Still, it can be a right pain in the bum to play. I'm not even sure if I would recommend it, though another part of me absolutely would. Like Natalie Imbruglia, I am torn. Actually, if you were alive when Natalie Imbruglia released Torn you will probably enjoy returning to Jet Set Radio. On that note, does anyone (not that anyone in the world actually reads this far into VG Plays) remember Madison Avenue's Don't Call Me Baby? It was like 1995's Call Me Maybe.

But, yes; nostalgia. Sometimes you should never go back. I'll make sure I remember that when SEGA puts out Blue Stinger HD. Coincidentally, the port of NiGHTS is out in a couple of weeks.

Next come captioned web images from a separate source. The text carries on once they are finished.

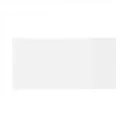 Nobo NDG4052 "White" панель для конвектора 1000W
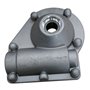 Deckel - Original Emak Ersatzteile - ZM000219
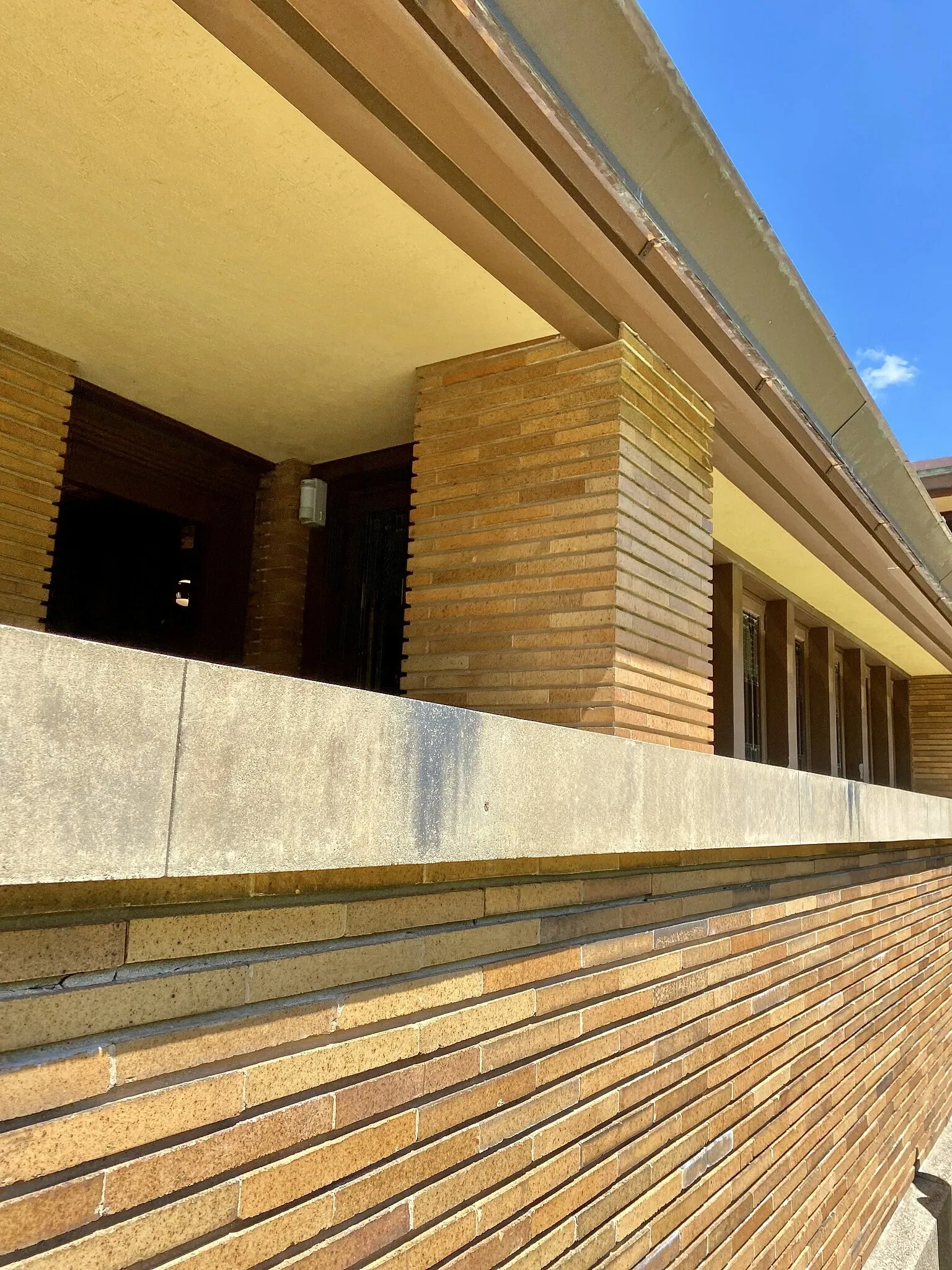 Casa Darwin D. Martin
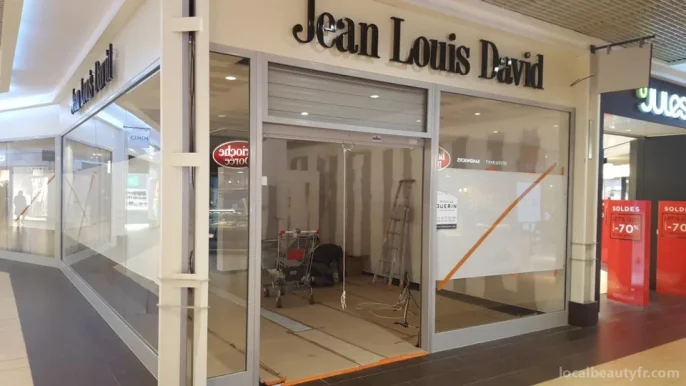 Jean Louis David - Coiffeur Brest, Brest - Photo 3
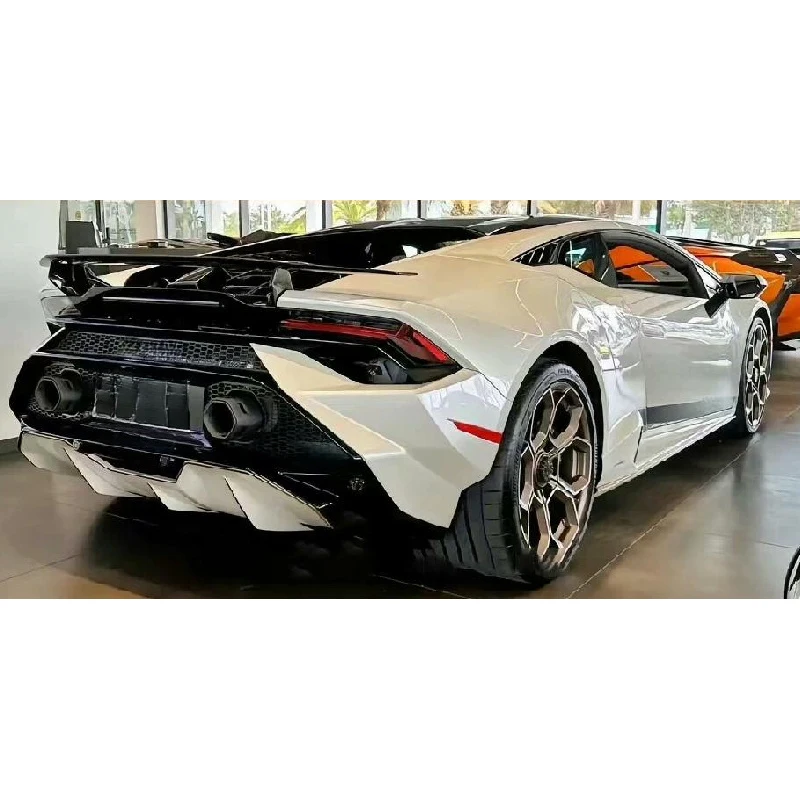 

Самый продаваемый высококачественный передний сплиттер (губа) из сухого углеродного волокна Prepreg Tecnica для переднего бампера, оптовая цена, быстрая доставка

Neon Kelly, Video Production Editor - Borderlands 2, Xbox 360

It's great to have choice, but sometimes it can be a bit stressful. Aside from the never-ending question of which gun I should be using (do I take the uber-powerful shotgun that holds four rounds at a time, or the weaker, more accurate one that takes eight?), I'm now torturing myself with Zer0's skill trees. At low levels at least, it makes sense to focus on one subset - and up until now, I've been focusing on the Bloodshed tree. I want to work my way down to 'Execute', and yet I can't help but glance at all the lovely crit-focused stuff in the Sniping tree. I could go for both, but then that'll slow my progress towards the juicy, upper-tier powers. What's a mysterious ninja to do?


David Scammell, Deputy News Editor - Dead or Alive 5, PlayStation 3

I feel dirty. And ever so slightly aroused. Dead or Alive 5's story mode has all the hallmarks of a skin flick - the filthy jazz music, an awful script, wooden (heeeey!) acting, 'eye-opening' camera pans, and a cast that puts the 'model' into character model. But instead of inviting each other in for a cup of coffee and a spot of how's-your-father, the pay-off for all of the nonsense is 30 seconds of fisticuffs.

Arguably, that's almost as satisfying. Dead or Alive, after all, is the anti-Street Fighter; a fighter that you can enjoy - and think you're quite good at - without having to put hours into learning different moves or combos. Heck, I still don't entirely understand the rules behind the new Power Blows, but I don't feel like I'm missing out by avoiding them either.

Although that could be because I'm too busy looking at Tina's assets to care.